Clear Communication: Maintaining a clear communication with potential users and community regarding the project’s potential strengths, weaknesses, limitations, and other risk metrics associated with using such a system.

Contingency Planning: Developing contingency plans for potential network disruptions or unexpected resource limitations could be taken into consideration. Scope creeps and unexpected delays could be controlled by allotting another month to project duration (hence, by making the duration four (4) months, all edge cases could be covered)

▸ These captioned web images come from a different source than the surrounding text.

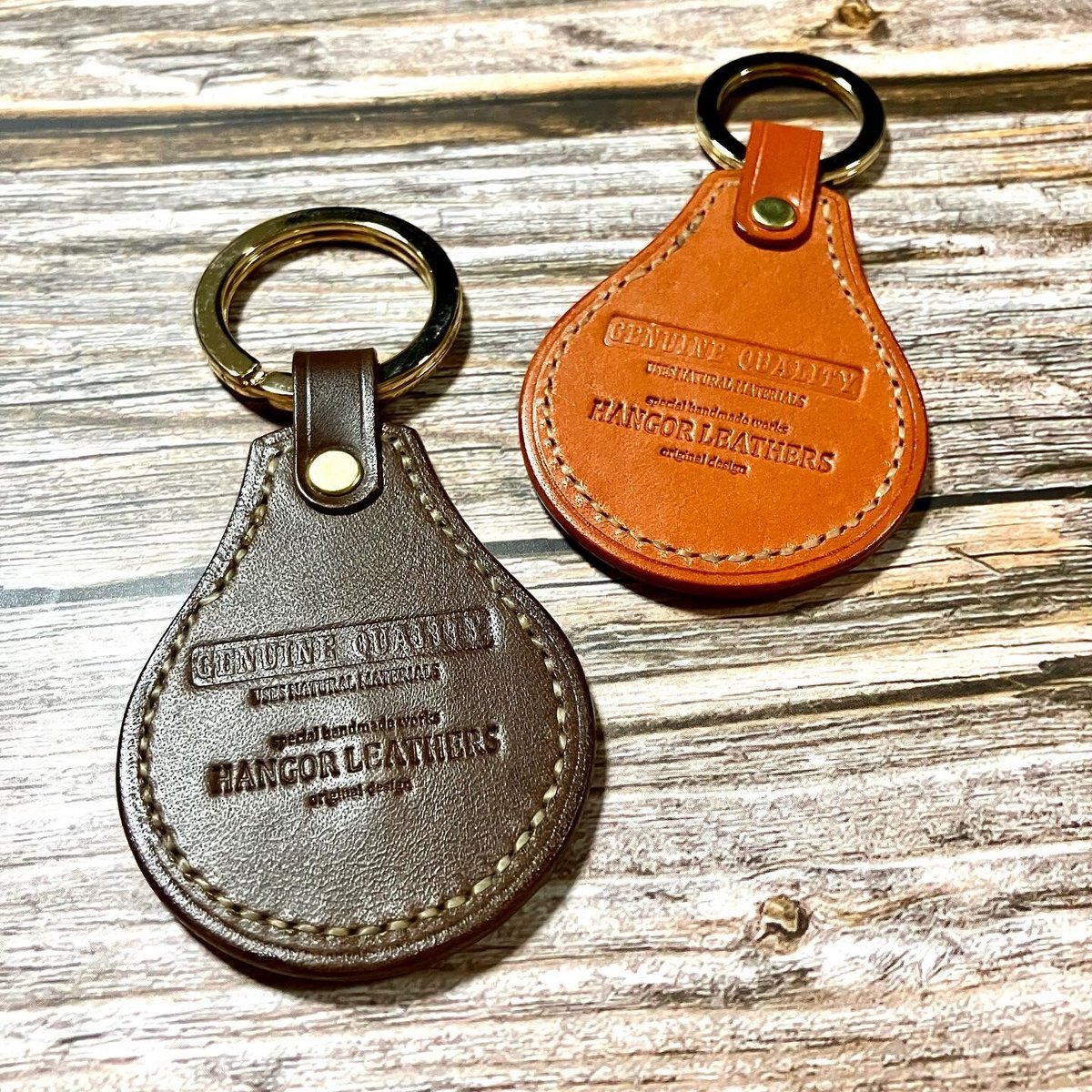 LOEWE カニ型レザーキーホルダー LOEWE カニ型レザーキーホルダー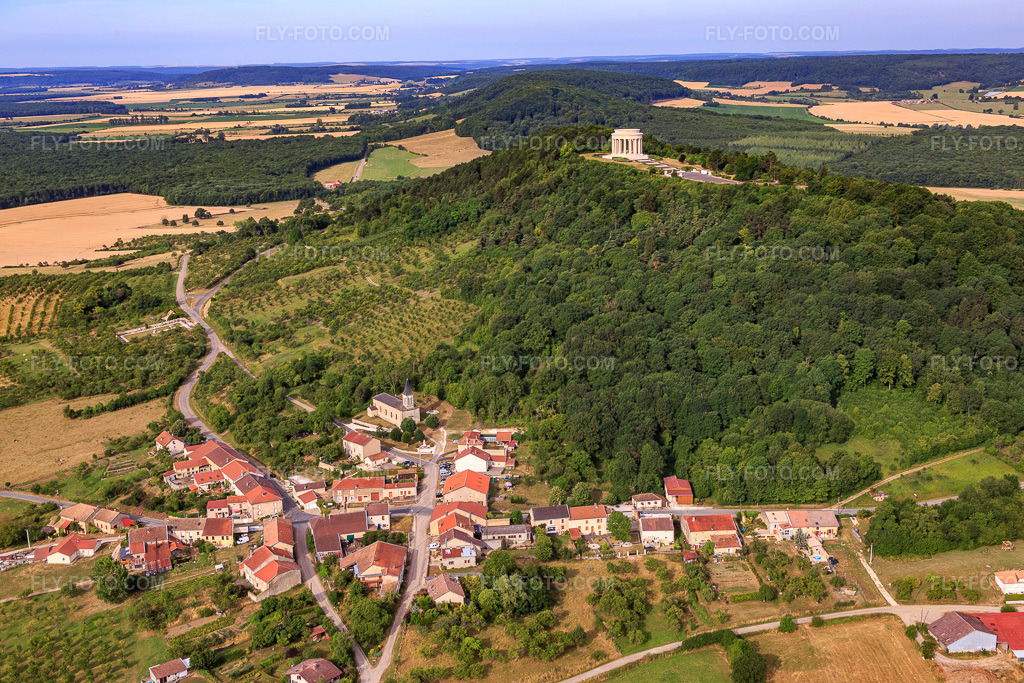 Aerial view: American War Memorial Butte de Montsec in Montsec in the state Meuse, France. – Photo: IMG_083303.jpg taken on 07/12/2015 by Werner Riehm/FLY-FOTO.com – Resolution of the original: 5472 x 3648 px – Montsec American Monument - American Battle Monuments Commission (ABMC)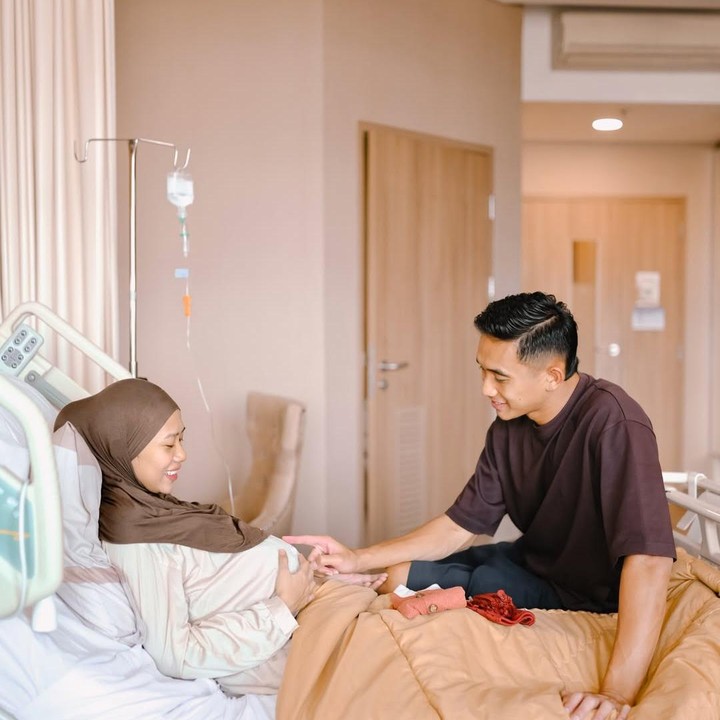 <p>Melalui <em>postingan</em> ini, Rizky Ridho membagikan momen saat mendampingi sang istri melahirkan. Pemain sepak bola dari klub Persija Jakarta ini terlihat memberikan dukungan dan semangat pada istrinya sejak melakukan persiapan untuk melahirkan anak pertama mereka. (Foto: Instagram @rizkyridhoramadhani)</p>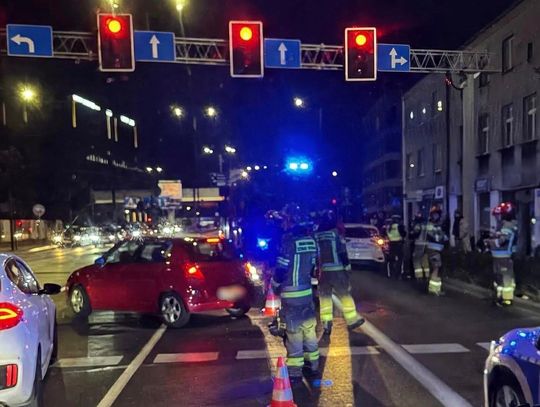Zderzenie osobówki ze skuterem na skrzyżowaniu al. 29 Listopada i Opolskiej w Krakowie [FOTO]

All these however, would depend on the timeline and constraints finally imposed on the scope of the project.

Development Information

Will all of your project’s code be open-source? Of course, all will be open source.

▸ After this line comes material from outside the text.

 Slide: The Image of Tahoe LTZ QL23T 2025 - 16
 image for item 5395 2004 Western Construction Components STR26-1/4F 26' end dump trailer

Leave a link where code will be accessible for review.

Monthly progress reports submission:

Project’s progress reports will be submitted monthly on the forum

Contact info

Email: emmanueladediji@gmail.com

Other preferred contact methods:

emmdammy@gmail.com

https://linkedIn.com/in/emmanuel-damilare-adediji

https://x.com/EmmanuelDa17210

I came up with the schematics and architectural overview of the proposed system. I have attached relevant images below.

P.S. - Apologies for any inconvenience regarding the hand-drawn images - I am in a resource-constrained environment.










Hello @Youngemmy,

Thanks for your new proposal to the Sia Foundation Grants Program. The committee is requesting some additional information:

  • Your proposal mentions both NFS and iSCSI, which are distinct protocols. We would like to see you focus on one protocol for the time being, and in the future we can explore expanding the project.
  • We would like to see a revised timeline for the project. The committee is concerned that the stated goals would not be achievable in a 3 months timeframe and would like you to re-evaluate this.
  • The committee would like to see some examples of your previous development work to support your application, given the scope and proposed timeline for the project.

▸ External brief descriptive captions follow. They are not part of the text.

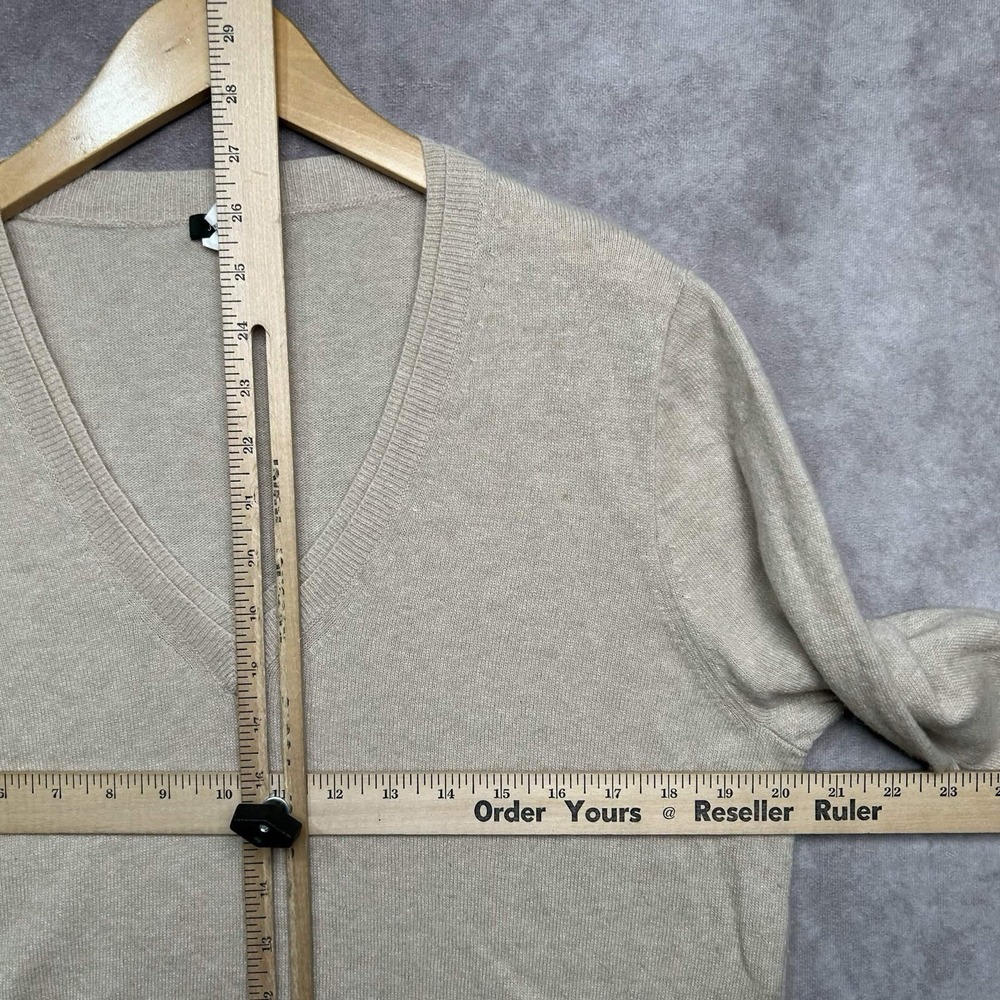 J Crew Women's Beige V Neck Long Sleeve Sweater with Cashmere Wool Size XL - Picture 3 of 5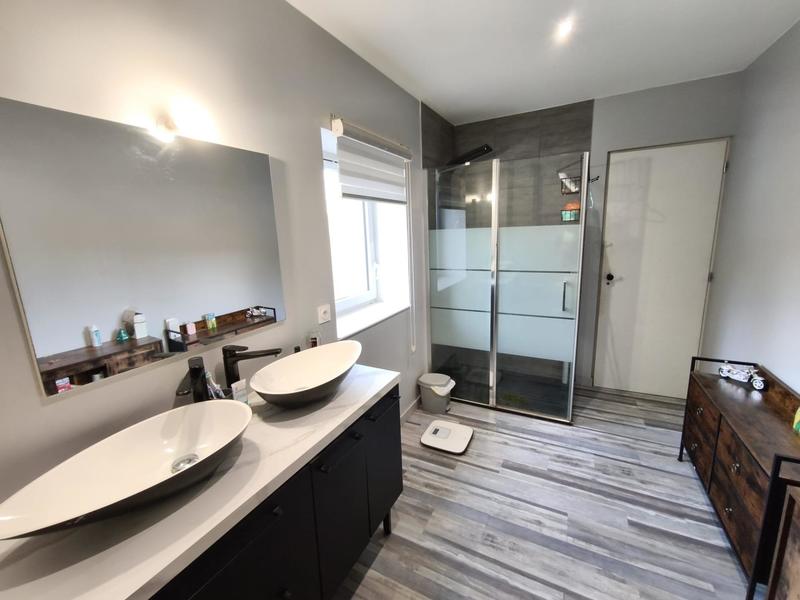 Maison - 80 m² - 5 pièces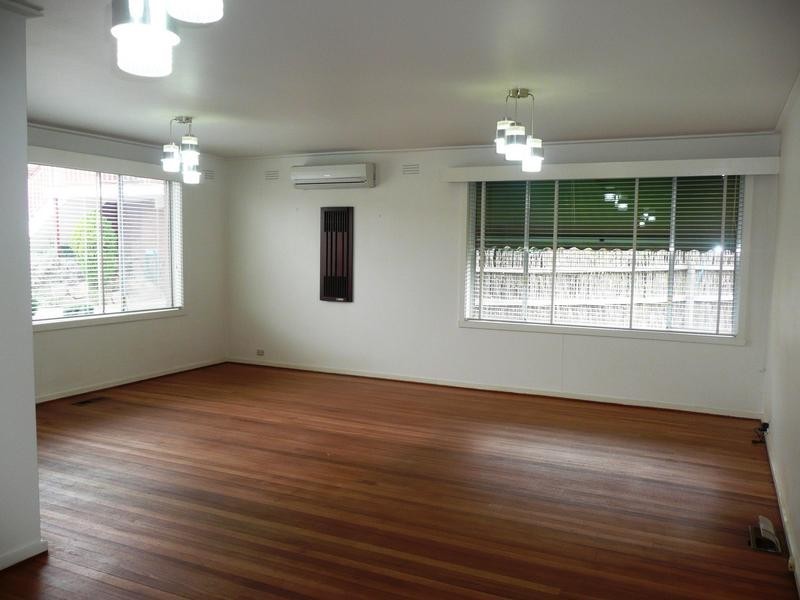 2/1 Mervyn Crescent, Ivanhoe VIC 3079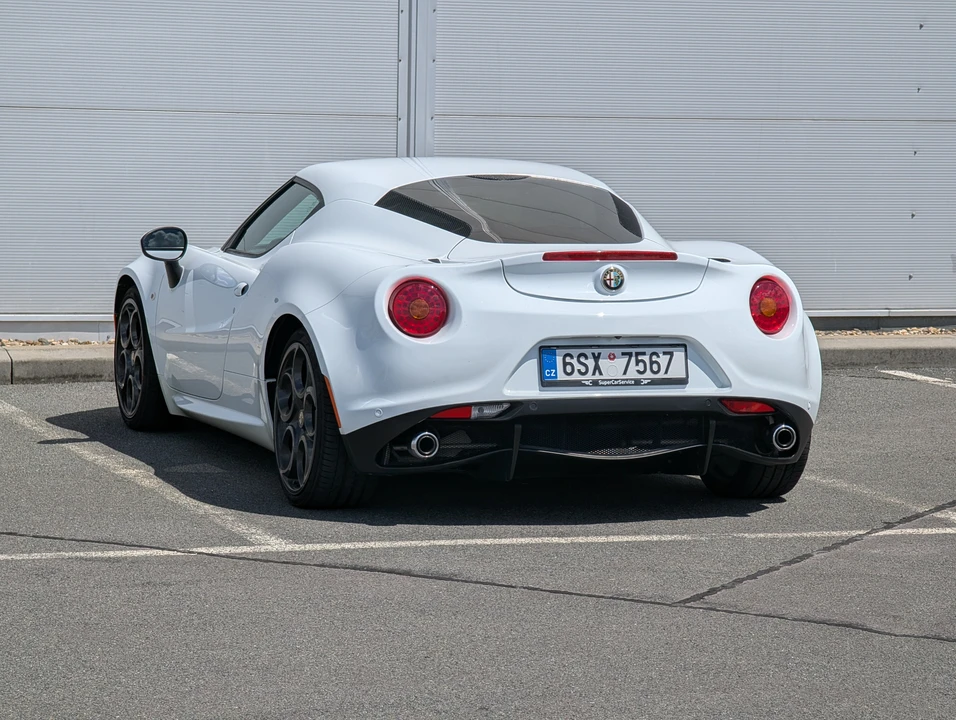 2016 Alfa Romeo 4C - Image 9 of 31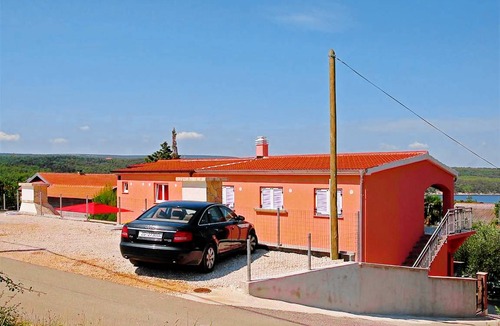 Gornji Karin Apartment | Two bedroom apartment with terrace Karin Gornji, Novigrad (A-18387-a)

Once the above is provided the committee can re-evaluate this grant.

Regards,
Kino on behalf of the Sia Foundation and Grants Committee

Hello.

It’s great hearing back from you.

  • First, I agree that NFS and iSCSI are distinct protocols. I would be focusing on the NFS protocol first.

Request:
We would like to see a revised timeline for the project. The committee is concerned that the stated goals would not be achievable in a 3 months timeframe and would like you to re-evaluate this.

Response:

  • It’ true - the project completion could be impacted if not properly planned, implemented, tracked and managed. However, here are some strategies that could speed me up:

  • I would be using a language suited for rapid prototyping and gluing systems together (Python)

  • I will not be re-inventing the wheel as my solution will consist of utilizing and re-using well established open-source libraries, frameworks, toolsets (e.g. Celery for Async Queue, Thespian for Actor-based concurrency, PyNacl and PyCryptoDome for encryption, Dogpile for Cache, Cosmian KMS for key management, nfsv4 for client etc.) and existing standards ( e.g. Dublin Core, ISO )

  • To speed up Sia network connectivity and interactivity, I will be using the S5 channel (developed by Redsolver) at the Storage layer.

  • Agile development through horizontal cross-development and quick Unit Testing.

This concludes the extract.